Now then, while you may be forgiven for thinking that this card was inspired by demoniac imagery from some medieval horrors, this Satanic chap isn't in fact even a gentlemen! Actually this card's image is derived from a famous still from a classic Japanese film - Onibaba (1964)

still from Onibaba

Onibaba, which literally means "Demon Hag", was written and directed by Kaneto Shindo and was inspired by a Shin Buddhist parable. Critics are seemingly unsure as whether this movie should be classed as a period drama or a horror movie, but everyone agrees that it is a classic. Set in the 14th century, the story tells of two women, one older and one younger, who kill passing warriors and samurai and sell their armour and weapons for profit. However this set-up get more complicated when they team up with a soldier Hachi, and then things go badly awry when the older woman acquires a demon mask from one of her victims...
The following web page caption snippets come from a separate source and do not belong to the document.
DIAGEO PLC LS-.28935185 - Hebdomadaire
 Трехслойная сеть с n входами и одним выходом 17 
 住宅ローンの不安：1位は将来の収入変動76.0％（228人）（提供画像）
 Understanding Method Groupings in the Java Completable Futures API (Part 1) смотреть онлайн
However for some bonus points, that's not the only rip-off in this card. Yes, that bloodied blade at the top has been borrowed too - for if you look closely you can see that it is the titular device in this poster!

poster for The Pit and the Pendulum

Based - very loosely I might add - on the Edgar Allen Poe tale of the same name, The Pit and The Pendulum (1961) was actually the second of a series of movies inspired by Poe which were helmed by Roger Corman. They nearly all starred the great Vincent Price, and several, like this one, boasted a script by the great Richard Matheson too. A first class horror pedigree I'm sure you agree for a humble blood-splattered blade!